Under Oriental Adventures, Hordelands/Mongolian analogue, Spellbound/Faerunian E. Europe analogue, and probably also Anchorome (North America analogue, esp. the Pchughstick/NW Coast stuff I'm working on), the "Spirit" subtype includes all outsiders, fey, and elementals.
The purpose of the "spirit" subtype is purely one of mechanics, since certain classes/spells/etc. (e.g. Spirit Shaman in 3.5) deal with creatures of that subtype, and it is meant to fit the shamanistic/animistic view of spirits. In reality, it's not all that complicated.

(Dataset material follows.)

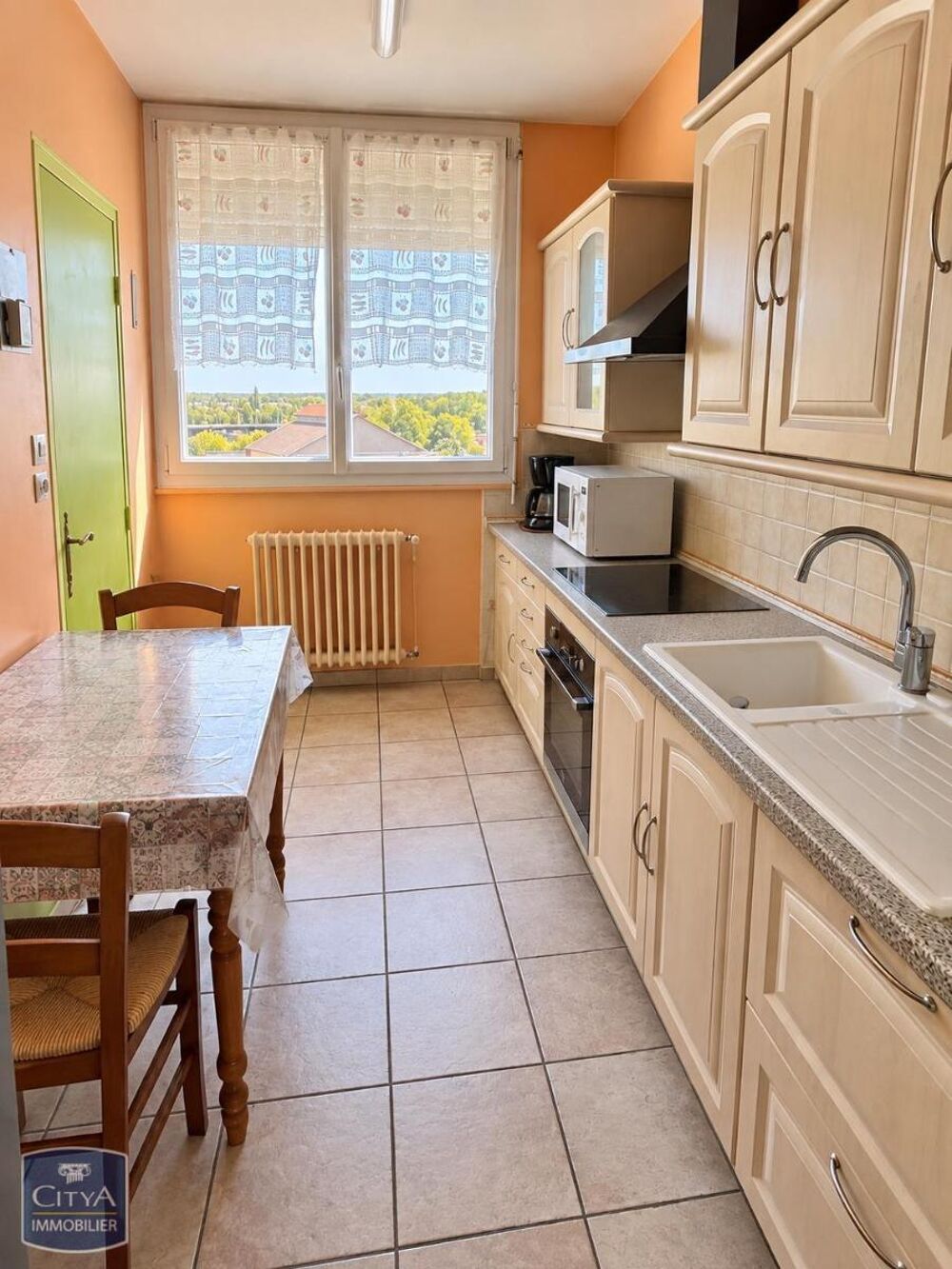 À LOUER : Découvrez cet agréable appartement T3 de 67 m²....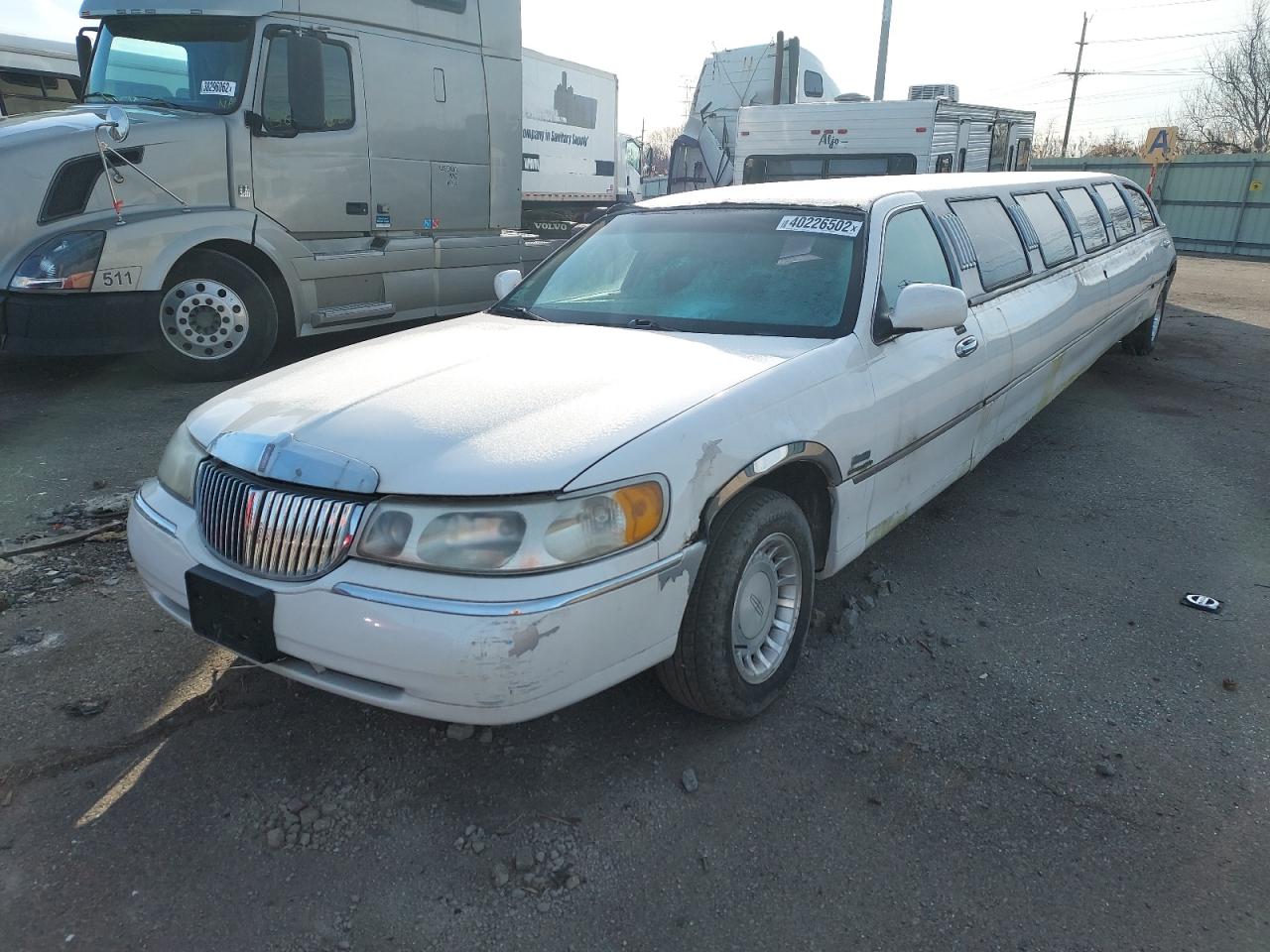 Photo 2 from auction – 2000 LINCOLN TOWN CAR E with VIN 1LNHM81WXYY778792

While on a similar subject, IMO the element systems for the Shugenja and Wujen need serious work in order to actually resemble the Far-Eastern view of the elements. Particularly, they do not resemble the traditional view of the elements, though to be fair, I think going with the modern Japanese view of the elements, melded with the western elements would be far preferrable (in most games, anime, etc., the 5 Chinese elements are recategorized into the western elements, with electricity and metal becoming earth and wood being lumped with wind, as it generally is in Japan. I know little of the modern Chinese or Korean view of the Chinese elements, sadly, but the Japanese one tends to closely mirror the modern Western view as opposed to the antiquated view-- that is to say, wood and wind are viewed as feminine like a woman's grace, whereas in traditional western and Chinese elementalism, both were viewed as masculine. Likewise, metal/earth are today viewed as masculine due to stone's hardness, immovability, and durability when traditionally both east and west viewed earth as feminine and 'passive'. Traditionally in eastern elementalism, Metal was viewed as gender neutral.)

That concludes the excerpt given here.